[MATERIAL SHOWN Boundary: Start]
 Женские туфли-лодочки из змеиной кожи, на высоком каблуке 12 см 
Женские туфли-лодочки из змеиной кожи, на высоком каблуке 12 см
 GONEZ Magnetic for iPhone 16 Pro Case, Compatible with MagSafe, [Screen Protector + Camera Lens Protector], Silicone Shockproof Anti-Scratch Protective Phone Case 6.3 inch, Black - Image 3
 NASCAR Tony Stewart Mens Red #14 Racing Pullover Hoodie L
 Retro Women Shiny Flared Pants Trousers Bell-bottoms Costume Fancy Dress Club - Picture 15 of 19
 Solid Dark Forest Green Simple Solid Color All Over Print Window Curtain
[MATERIAL SHOWN Boundary: End]
[MATERIAL SHOWN Boundary: Start]
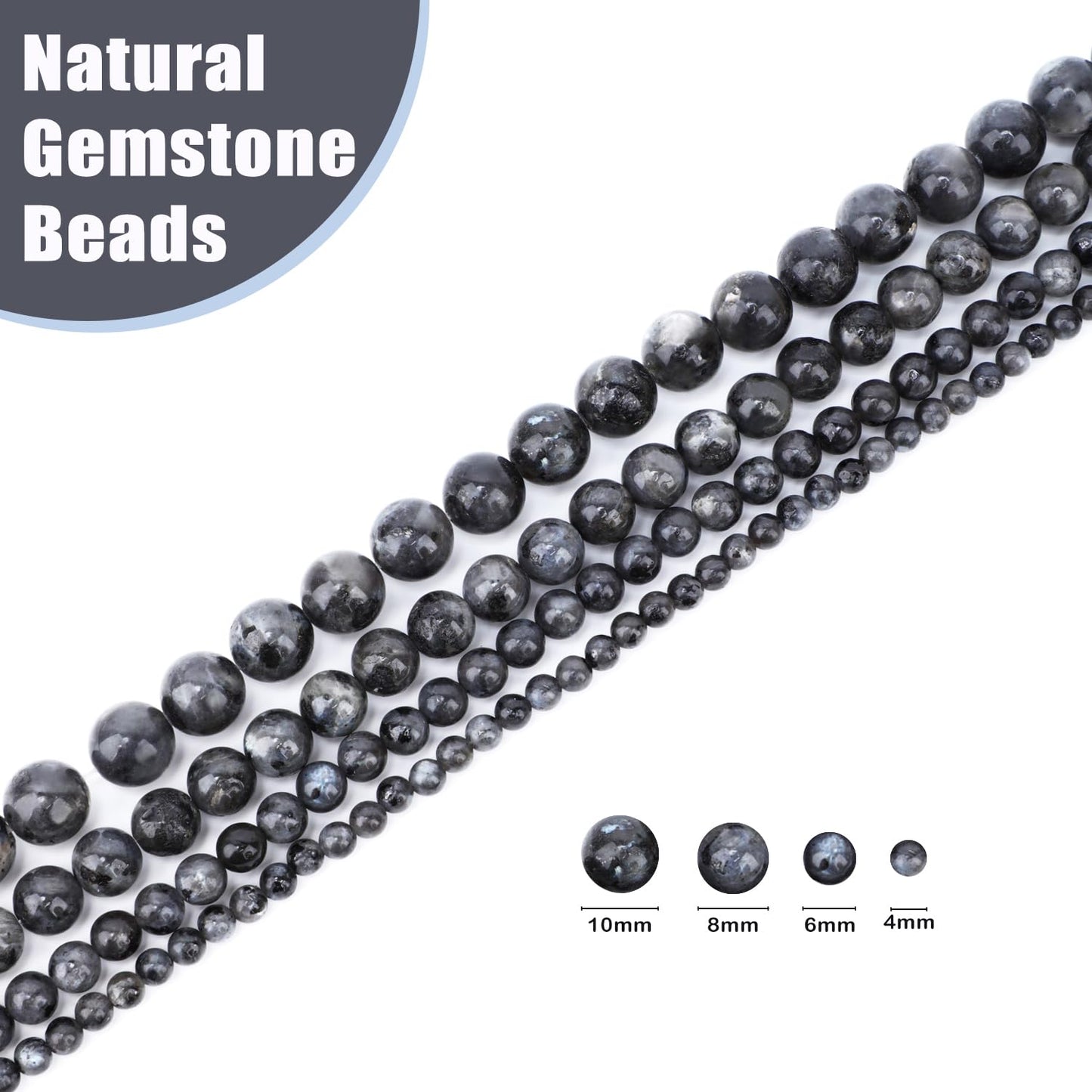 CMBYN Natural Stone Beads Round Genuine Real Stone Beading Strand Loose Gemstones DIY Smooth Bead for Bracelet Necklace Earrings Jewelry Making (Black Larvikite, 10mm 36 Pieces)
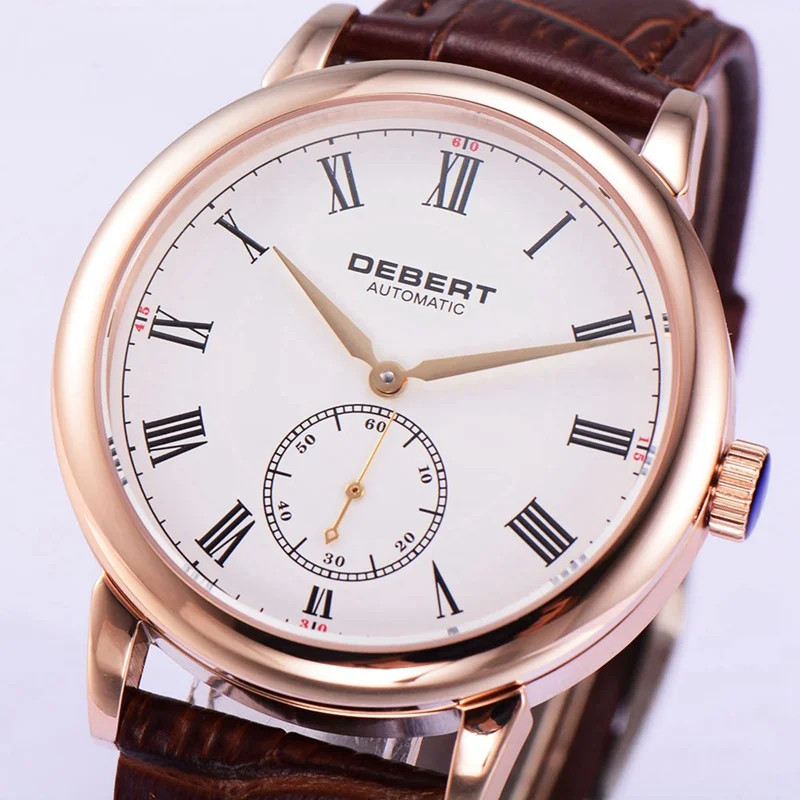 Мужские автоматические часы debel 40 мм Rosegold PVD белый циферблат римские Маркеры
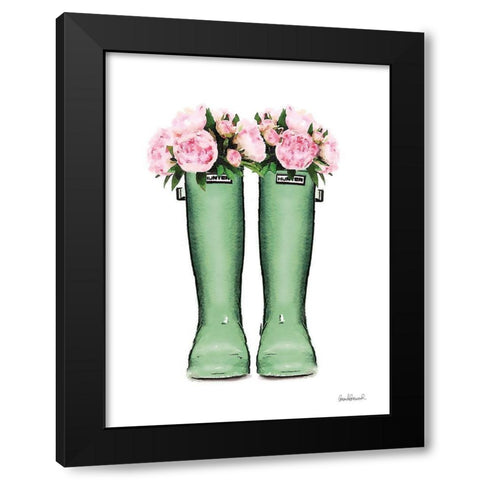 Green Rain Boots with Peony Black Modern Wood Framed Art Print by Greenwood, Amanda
[MATERIAL SHOWN Boundary: End]
[MATERIAL SHOWN Boundary: Start]
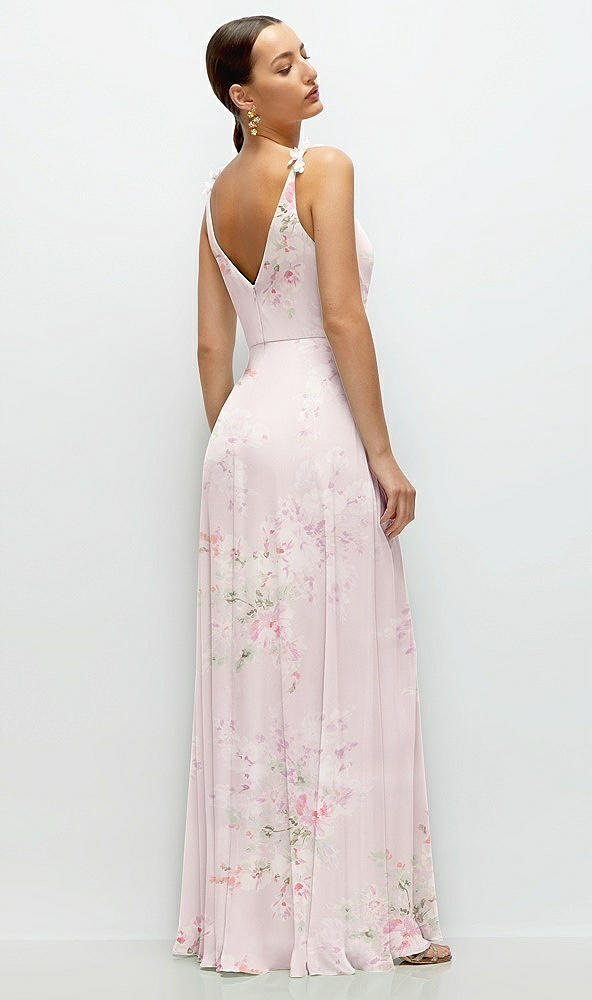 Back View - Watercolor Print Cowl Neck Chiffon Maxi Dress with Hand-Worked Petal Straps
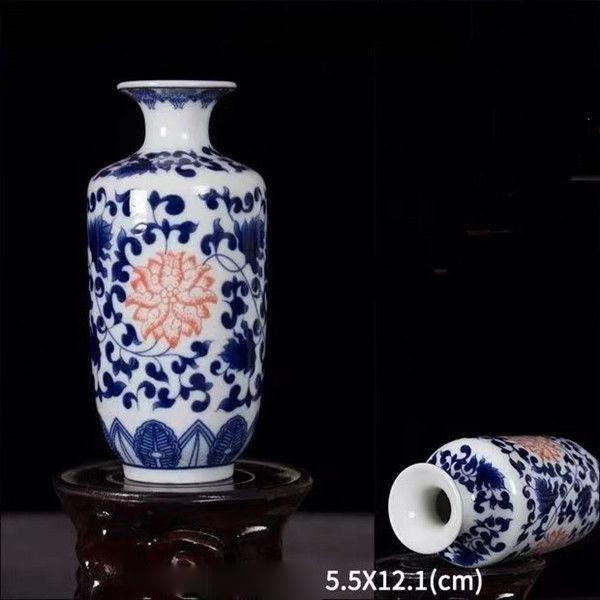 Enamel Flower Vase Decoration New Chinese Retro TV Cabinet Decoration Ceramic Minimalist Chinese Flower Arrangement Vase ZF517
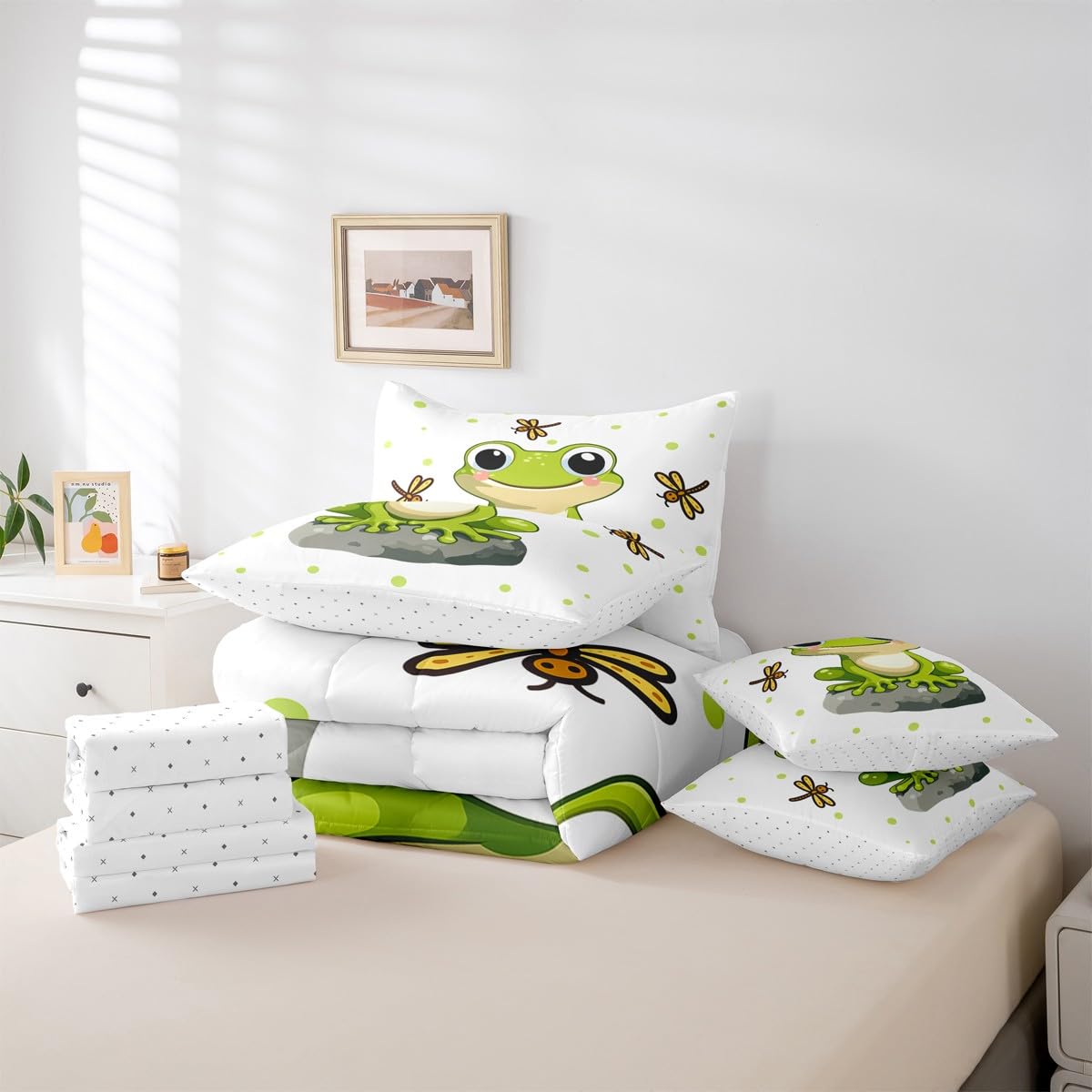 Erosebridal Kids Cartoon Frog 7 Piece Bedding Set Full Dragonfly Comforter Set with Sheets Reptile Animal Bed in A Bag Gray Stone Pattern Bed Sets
[MATERIAL SHOWN Boundary: End]
• **PROBLEM TO SOLVE**:
Write out, word for word, the stretch of entries that begins at the line with "Enamel Flower Vase" and ends at the line with "Erosebridal Kids Cartoon". Pictures do not belong in it.

• **TASK SOLUTION**:
 Enamel Flower Vase Decoration New Chinese Retro TV Cabinet Decoration Ceramic Minimalist Chinese Flower Arrangement Vase ZF517
 Erosebridal Kids Cartoon Frog 7 Piece Bedding Set Full Dragonfly Comforter Set with Sheets Reptile Animal Bed in A Bag Gray Stone Pattern Bed Sets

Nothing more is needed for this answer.